As for index time expansion using synonyms: I think this is
not an option for me since it would mean that I have to a)
find all such words that might cause problems and b) find
every variant that might possibly be used by customers. And
then in the end I have to keep all my synonym files
up-to-date. But the main design goal for my search
implementation is little to no maintainance.
My original assumption for the DisMax Handler was, that it
will just take the original query string and pass it to
every field in its fieldlist using the fields configured
analyzer stack. Maybe in the end add some stuff for the
special options and so ... and then send the query to
lucene. Can you explain why this approach was not choosen?
Thanks
Tobi
Chris Hostetter schrieb:
: Hmmm was my mail so weird or my question so stupid ... or is there simply
: noone with an answer? Not even a hint? :(
patience my freind, i've got a backlog of ~~500 Lucene related messages in
my INBOX, and i was just reading your original email when this reply came
in.
In generally this is a fairly hard problem ... the easiest solution i know
of that works in most cases is to do index time expansion using the
SYnonymFilter, so regardless of wether a document contains "usbcable"
"usb-cable" or "usb cable" all three varients get indexed, and then the
user can search for any of them.
the downside is that it can throw off your tf/idf stats for some terms (if
they apear by themselves, and as part of a compound) and it can result in
false positives for esoteric phrase searches (but that tends to be more of
a theoretical problem then an actual one.

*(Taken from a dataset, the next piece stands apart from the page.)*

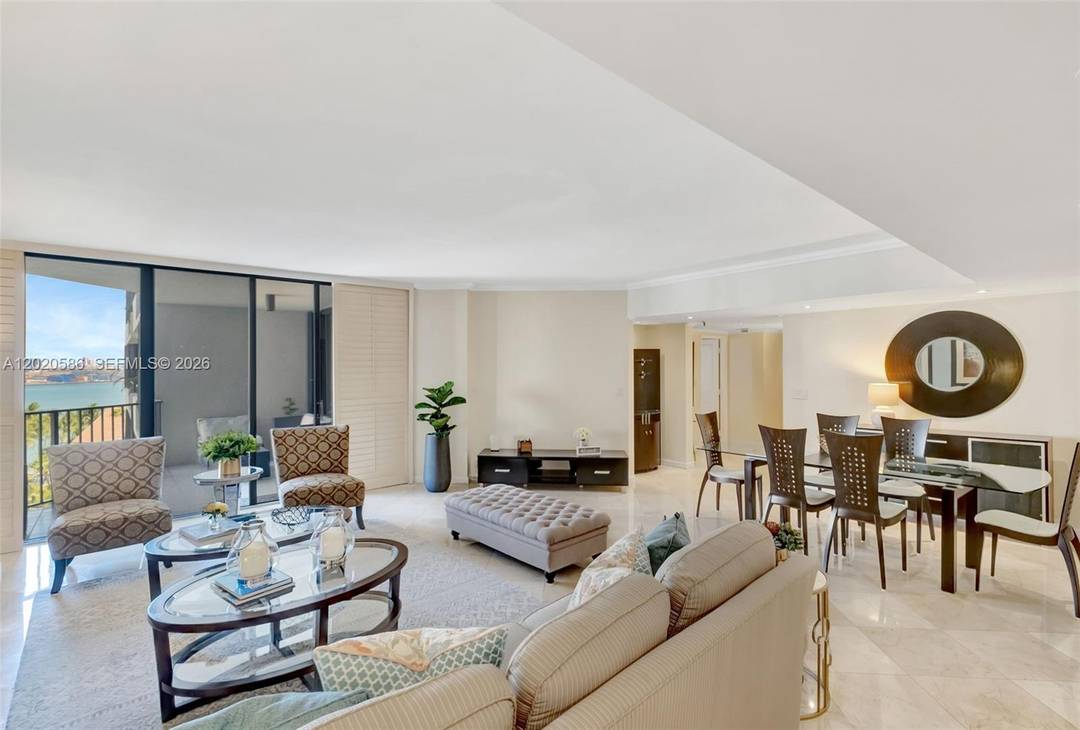 Surrounded by the glistening turquoise waters of Brickell Key, this elegant luxury residence offers a sophisticated island lifestyle.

: > But this never happens since with the DisMax Searcher the parser produces a
: > query like this:
: >
: > ((category:blue | name:blue)~0.1 (category:tooth | name:tooth)~0.1)
...
: > to deal with this compound word problem? Is there another query parser that
: > already does the trick?
take a look at the FieldQParserPlugin ... it passes the raw query string
to the analyser of a specified field -- this would let your TokenFilters
see the "stream" of tokens (which isn't possible with the conventional
QueryParser tokenization rules) but it doesn't have any of the
"field/query matric cross product" goodness of dismax -- you'd only be
able to query the one field.
(Hmmm.... i wonder if DisMaxQParser 2.0 could have an option to let you
specify a FieldType whose analyzer was used to tokenize the query string
instead of using the Lucene QueryParser JavaCC tokenization, and *then*
the tokens resulting from that initial analyzer could be passed to the
analyzers of the various qf fields ... hmmm, that might be just crazy
enough to be too crazy to work)
-Hoss